There was no physical voice that answered, yet the answer was so clear that there might as well have been. I heard more than I will relate here, but basically I understood that I did this to myself with my greed. With my grasping of things, a sin of the spirit, I caused the mirror image in my body of what was happening in my spirit. My grasping attitude led to a grasping disease.

The story has a happy ending. I repented and made every effort to change this attitude through cooperation with God. While I still have the nodule and the tendon tightness that first led to the diagnosis, it never progressed further. It has not interfered with my function. The slight contracture and knot serves as a reminder of what happened and a warning not to return to the sin of greed.

The second story was a friend of mine. She identified the spirit and body connection herself. Previously to becoming a Christian, she had 3 abortions. Later, when happily married and trying to conceive, she had 3 miscarriages before she finally carried a baby to term. Her conclusion was that because she did not value life, she could not sustain life. Yet, God was merciful and intervened to allow her to have a child. Again repentance and change of heart, along with her actions, were evident. She is strenuously pro-life and shares her experience freely to try to help others.

The third story was of a wonderful man who discovered he had a brain lesion that was causing weakness. He went through years of misery going from hospital to hospital through batteries of tests. His physical condition deteriorated, and the cause could not be found. Different treatments were tried, but nothing helped. Finally, he revealed that previous to his disease, he had been involved in a long term affair. This situation is still not resolved.  His disease is ongoing.  However, it seems like an obvious correlation. Hidden sin–hidden disease.

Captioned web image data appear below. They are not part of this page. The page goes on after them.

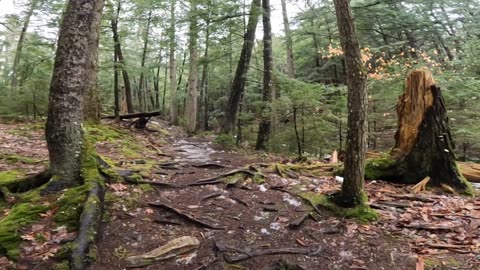 Take a Hike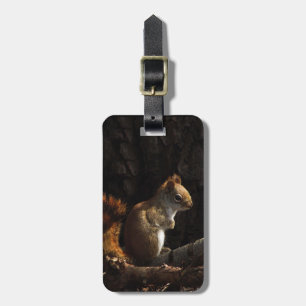 Étiquette À Bagage L'écureuil dans une patte de soleil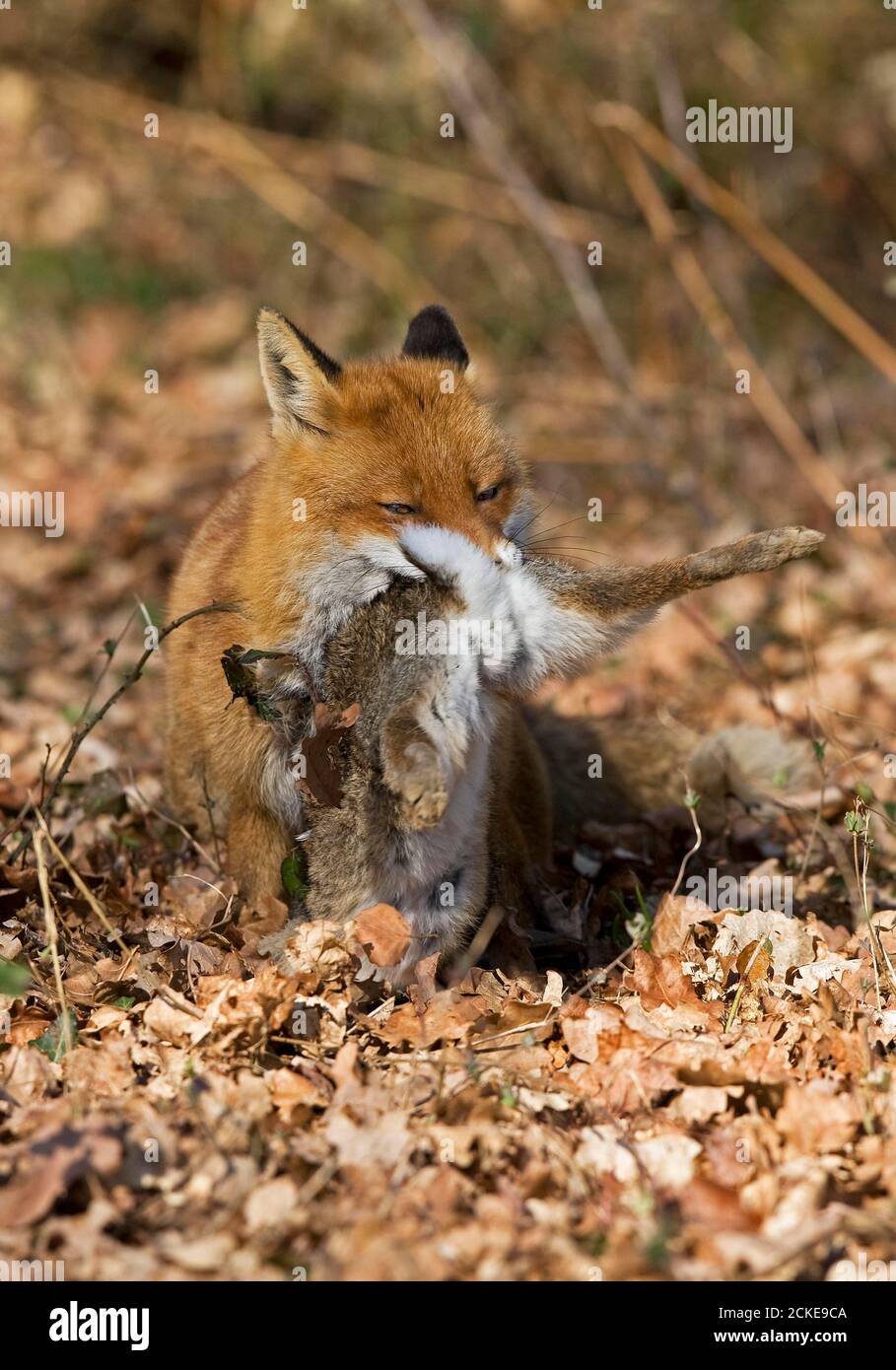 Le renard roux, Vulpes vulpes, homme avec un Kill, un lapin sauvage, Normandie Banque D'Images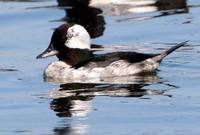 Bucephala albeola - Bufflehead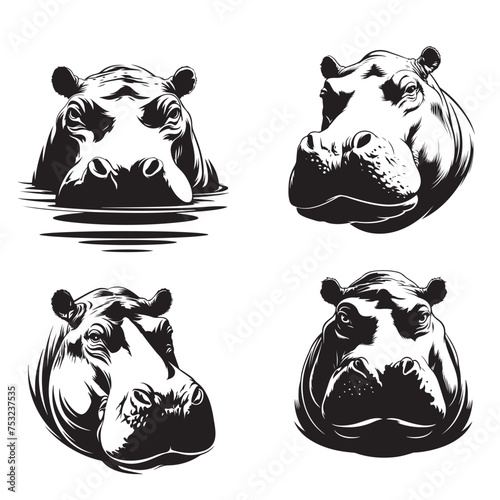 head hippopotamus - black and white behemoth on a white background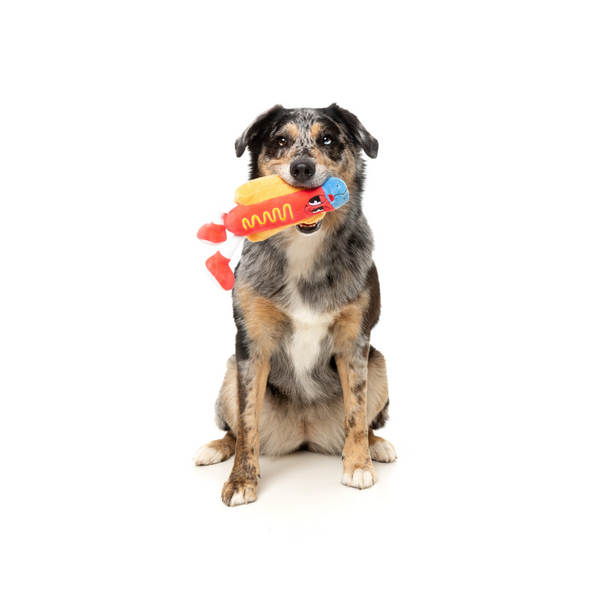 Franky The Homies - Dog Toy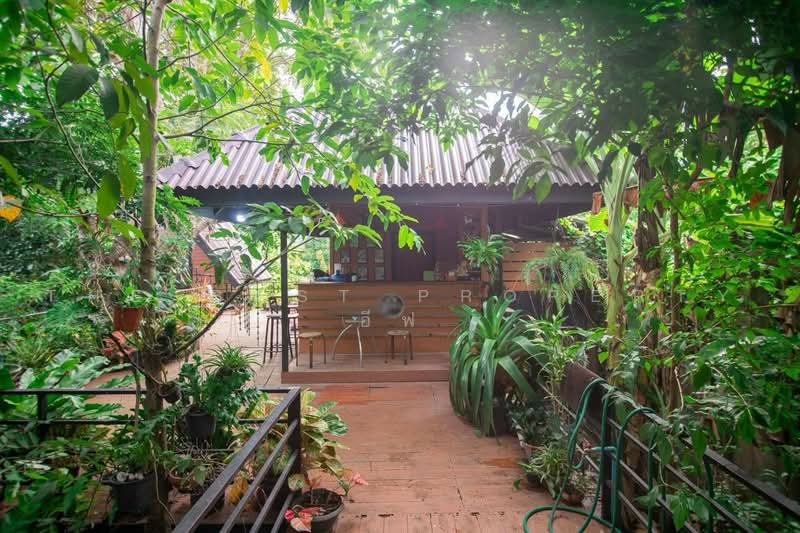 ที่ดินพร้อมสิ่งปลูกสร้างแกลง ระยอง, Rayong, Klaeng, Muang Rayong, Rayong, , 644 sqm, Land For Sale, by The Best Property อีฟ, 500482442 - DDproperty.com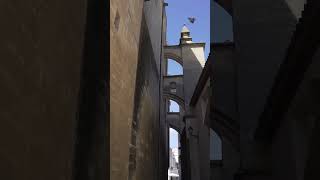 Callejón de las Monjas, Arcos de la Frontera #arcos #cadiz #andalucia #spain #turismo #pueblos #hype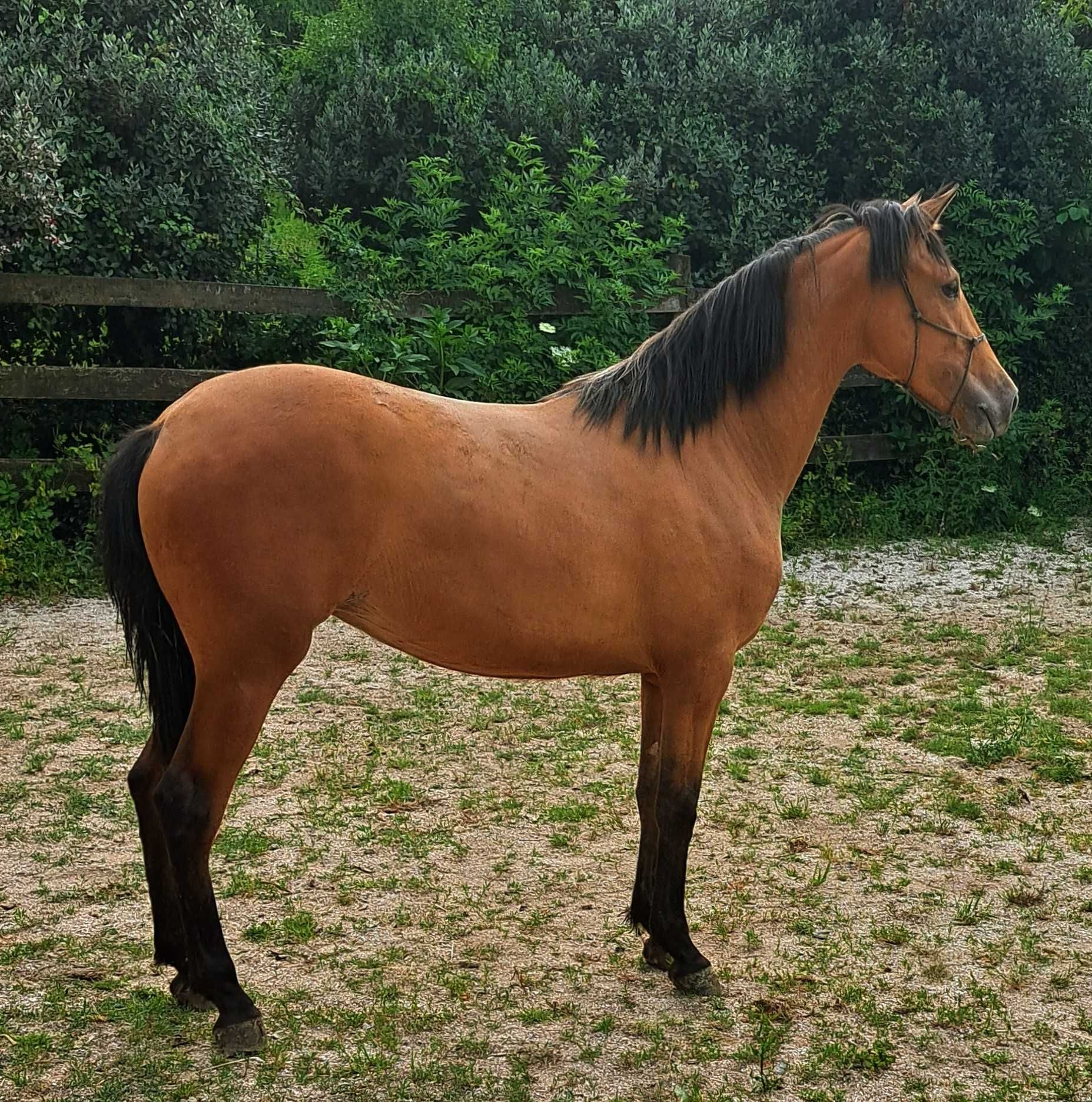 Poldra baia hispano- lusitana 18 meses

All of this to say one thing: If you have a sin in your past or an ongoing sin, repent and make it right. Even if the sin is not ongoing, the past can still come back to bite you. Get before God and tell him that you have sinned against him and that you are truly sorry. Ask for his help to never go in that wrong direction again.

Look at the Bible if you are not clear on what constitutes actual sin (versus what our culture says is right and wrong). Sex outside of marriage, lust, selfishness, greed, envy, are just a few. They are like a cancer.

Speaking of cancer, as you may know from previous blogs, I have active cancer. This whole subject made me wonder– could I have caused my cancer with my sin? We are so blind to our own sin. I have some thoughts on the subject but they are not solidified yet. However, I wonder if the basis could be 2 things–self righteousness and complaining.

I do not believe that every disease or disfunction is caused by personal sin. After all, we live in enemy occupied territory, and there is corporate sin which affects us all. However, I think it would be judicious for every disease-afflicted person to do soul searching and prayer, looking into the dark places of the soul and spirit with the help of the Holy Spirit.